In [1]:
import os
os.environ['CUDA_LAUNCH_BLOCKING'] = '1'

import pandas as pd
import numpy as np
from transformers import BertTokenizer, BertModel, AutoModel
import matplotlib.pyplot as plt
from torch.utils.data import DataLoader
import torch
from torch.optim import AdamW
# 
from dataset import EssayDataset
from longDataset import LongEssayDataset
from bert_regression import BertRegressionModel
from hierarchicalBert import HierarchicalBert
from datasets import load_dataset
# 
from sklearn.model_selection import train_test_split

In [2]:
df = pd.read_csv("dataset/aes_dataset.csv")
df.head()

Unnamed: 0,question,reference_answer,answer,score,dataset,max_length1,normalized_score,normalized_score2
0,Jelaskan kegunaan karbohidrat untuk tubuh kita.,Fungsi karbohidrat adalah sebagai pemasok ener...,"sumber tenaga, pemanis alami, menjaga sistem i...",27.0,analisis_essay,65,0.27,27
1,Jelaskan kegunaan karbohidrat untuk tubuh kita.,Fungsi karbohidrat adalah sebagai pemasok ener...,"sebagai sumber energi, pemanis alami, menjaga ...",21.0,analisis_essay,66,0.21,21
2,Jelaskan kegunaan karbohidrat untuk tubuh kita.,Fungsi karbohidrat adalah sebagai pemasok ener...,1. Sebagai energi. 2. Sebagai memperlancaar pe...,42.0,analisis_essay,76,0.42,42
3,Jelaskan kegunaan karbohidrat untuk tubuh kita.,Fungsi karbohidrat adalah sebagai pemasok ener...,"untuk membuat kenyang, agar tidak lapar, agar ...",18.0,analisis_essay,67,0.18,18
4,Jelaskan kegunaan karbohidrat untuk tubuh kita.,Fungsi karbohidrat adalah sebagai pemasok ener...,Karbohidrat mempunyai peran penting untuk pros...,82.0,analisis_essay,105,0.82,82


In [3]:
subset_dataset = df['dataset'].unique()
splits = {}

for subset in subset_dataset:
    subset_df = df[df['dataset'] == subset]

    # split dataset (70:20:10)
    train, temp = train_test_split(subset_df, test_size=0.3, random_state=42)
    valid, test = train_test_split(temp, test_size=0.3, random_state=42)

    splits[subset] = {
        'train': train,
        'valid': valid,
        'test': test,
    }

In [4]:
train_dataset = pd.concat([splits[subset]['train'] for subset in subset_dataset])
valid_dataset = pd.concat([splits[subset]['valid'] for subset in subset_dataset])
test_dataset = pd.concat([splits[subset]['test'] for subset in subset_dataset])

# Training

In [5]:
# # filter dataset by category
# selected_category = "analisis_essay"
# train_dataset = train_dataset[train_dataset['dataset'] == selected_category]
# valid_dataset = valid_dataset[valid_dataset['dataset'] == selected_category]
# test_dataset = test_dataset[test_dataset['dataset'] == selected_category]

In [5]:
# load indobert tokenizer
tokenizer = BertTokenizer.from_pretrained("indobenchmark/indobert-lite-base-p2")

The tokenizer class you load from this checkpoint is not the same type as the class this function is called from.

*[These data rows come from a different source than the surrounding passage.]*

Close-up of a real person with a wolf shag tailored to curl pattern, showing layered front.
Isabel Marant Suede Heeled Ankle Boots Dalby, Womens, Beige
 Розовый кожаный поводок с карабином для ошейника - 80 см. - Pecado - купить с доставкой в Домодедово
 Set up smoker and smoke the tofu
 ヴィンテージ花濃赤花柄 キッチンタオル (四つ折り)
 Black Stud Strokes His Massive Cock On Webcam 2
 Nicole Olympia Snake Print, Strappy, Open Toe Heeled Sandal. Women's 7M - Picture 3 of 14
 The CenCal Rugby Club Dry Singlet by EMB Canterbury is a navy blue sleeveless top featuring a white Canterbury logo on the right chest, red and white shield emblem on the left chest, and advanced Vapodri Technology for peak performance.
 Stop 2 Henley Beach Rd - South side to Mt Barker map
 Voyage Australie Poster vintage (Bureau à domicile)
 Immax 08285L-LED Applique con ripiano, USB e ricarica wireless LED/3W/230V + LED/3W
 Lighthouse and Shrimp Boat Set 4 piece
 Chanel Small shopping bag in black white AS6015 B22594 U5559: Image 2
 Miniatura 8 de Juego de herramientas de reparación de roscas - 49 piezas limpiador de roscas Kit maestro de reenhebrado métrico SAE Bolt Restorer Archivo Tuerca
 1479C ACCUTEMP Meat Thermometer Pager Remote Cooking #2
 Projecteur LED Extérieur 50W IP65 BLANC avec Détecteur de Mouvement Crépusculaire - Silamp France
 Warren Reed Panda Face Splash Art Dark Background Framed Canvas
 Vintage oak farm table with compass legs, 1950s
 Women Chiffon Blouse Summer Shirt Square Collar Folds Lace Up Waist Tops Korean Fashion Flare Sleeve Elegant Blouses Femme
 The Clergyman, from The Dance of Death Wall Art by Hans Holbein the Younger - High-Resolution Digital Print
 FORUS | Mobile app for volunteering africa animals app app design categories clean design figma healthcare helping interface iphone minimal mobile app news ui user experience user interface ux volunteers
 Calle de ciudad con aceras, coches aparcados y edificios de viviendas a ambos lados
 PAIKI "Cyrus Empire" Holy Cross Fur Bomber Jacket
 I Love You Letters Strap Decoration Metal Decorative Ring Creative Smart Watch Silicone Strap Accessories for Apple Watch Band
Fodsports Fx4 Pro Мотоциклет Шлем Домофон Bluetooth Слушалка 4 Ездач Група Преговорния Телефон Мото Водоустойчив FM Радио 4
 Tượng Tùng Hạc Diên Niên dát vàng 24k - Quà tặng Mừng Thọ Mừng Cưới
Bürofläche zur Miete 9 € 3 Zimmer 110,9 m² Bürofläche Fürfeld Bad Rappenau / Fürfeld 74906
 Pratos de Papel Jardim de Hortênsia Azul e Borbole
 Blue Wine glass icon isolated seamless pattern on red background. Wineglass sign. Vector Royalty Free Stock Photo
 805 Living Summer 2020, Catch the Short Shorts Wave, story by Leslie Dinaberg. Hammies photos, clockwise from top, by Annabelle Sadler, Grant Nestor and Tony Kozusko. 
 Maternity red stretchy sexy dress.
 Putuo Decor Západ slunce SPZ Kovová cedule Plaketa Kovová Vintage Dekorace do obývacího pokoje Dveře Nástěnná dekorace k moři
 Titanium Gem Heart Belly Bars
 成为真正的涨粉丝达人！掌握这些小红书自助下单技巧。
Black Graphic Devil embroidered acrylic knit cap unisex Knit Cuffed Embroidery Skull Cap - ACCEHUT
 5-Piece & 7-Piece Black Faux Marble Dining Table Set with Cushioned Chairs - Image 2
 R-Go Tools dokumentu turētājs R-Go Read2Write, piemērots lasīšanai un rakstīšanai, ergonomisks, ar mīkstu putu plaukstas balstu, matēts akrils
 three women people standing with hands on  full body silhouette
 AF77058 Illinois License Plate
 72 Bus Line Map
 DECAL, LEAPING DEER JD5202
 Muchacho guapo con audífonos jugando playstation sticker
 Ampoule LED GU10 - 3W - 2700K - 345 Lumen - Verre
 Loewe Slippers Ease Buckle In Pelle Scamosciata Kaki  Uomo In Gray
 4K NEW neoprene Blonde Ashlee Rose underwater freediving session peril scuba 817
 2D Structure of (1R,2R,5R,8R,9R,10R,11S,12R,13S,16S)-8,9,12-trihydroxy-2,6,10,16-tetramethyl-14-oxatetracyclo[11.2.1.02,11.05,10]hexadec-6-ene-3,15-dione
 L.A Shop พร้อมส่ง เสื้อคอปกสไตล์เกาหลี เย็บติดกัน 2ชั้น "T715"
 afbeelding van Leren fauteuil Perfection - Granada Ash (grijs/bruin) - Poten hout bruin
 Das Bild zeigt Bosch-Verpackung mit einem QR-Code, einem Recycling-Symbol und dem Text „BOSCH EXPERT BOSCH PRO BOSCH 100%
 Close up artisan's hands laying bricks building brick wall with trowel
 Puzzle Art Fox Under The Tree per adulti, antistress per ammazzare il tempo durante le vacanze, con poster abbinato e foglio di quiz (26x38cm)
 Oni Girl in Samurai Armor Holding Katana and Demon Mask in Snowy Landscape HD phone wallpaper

It may result in unexpected tokenization. 
The tokenizer class you load from this checkpoint is 'AlbertTokenizer'. 
The class this function is called from is 'BertTokenizer'.


In [6]:
# apply dataset with overlapping 128 and max length 512
train_data = LongEssayDataset(train_dataset, tokenizer, 512, 128)
valid_data = LongEssayDataset(valid_dataset, tokenizer, 512, 128)
test_data = LongEssayDataset(test_dataset, tokenizer, 512, 128)

In [7]:
# # load dataset to dataloader for creating batch size 4
train_dataloader = DataLoader(train_data, batch_size=4, collate_fn=lambda x: list(zip(*x)))
valid_dataloader = DataLoader(valid_data, batch_size=4, collate_fn=lambda x: list(zip(*x)))
test_dataloader = DataLoader(test_data, batch_size=4, collate_fn=lambda x: list(zip(*x)))

In [8]:
# load model, optimizer, and loss function (MSE)
model = HierarchicalBert("indobenchmark/indobert-lite-base-p2")
device = torch.device("cuda" if torch.cuda.is_available() else "cpu")
model = model.to(device)
epochs = 1

optimizer = AdamW(model.parameters(), lr=1e-5)
criterion = torch.nn.MSELoss()

In [9]:
# training process
for epoch in range(epochs):
    model.train()
    total_train_loss = 0
    for batch, targets in train_dataloader:
        optimizer.zero_grad()
        # 
        targets = torch.stack(targets).to(device)
        # forward pass
        predictions = model(batch).squeeze(1)
        # compute loss
        loss = criterion(predictions, targets)
        total_train_loss += loss.item()
        # backward pass
        loss.backward()
        optimizer.step()

    avg_train_loss = total_train_loss / len(train_dataloader)
    print(f"Epoch {epoch + 1}/{epochs}, Train Loss: {avg_train_loss:.4f}")

    # Validation step
    model.eval()
    total_valid_loss = 0
    with torch.no_grad():
        for batch, targets in valid_dataloader:
            targets = torch.stack(targets).to(device)
            
            predictions = model(batch).squeeze(1)
            loss = criterion(predictions, targets)
            total_valid_loss += loss.item()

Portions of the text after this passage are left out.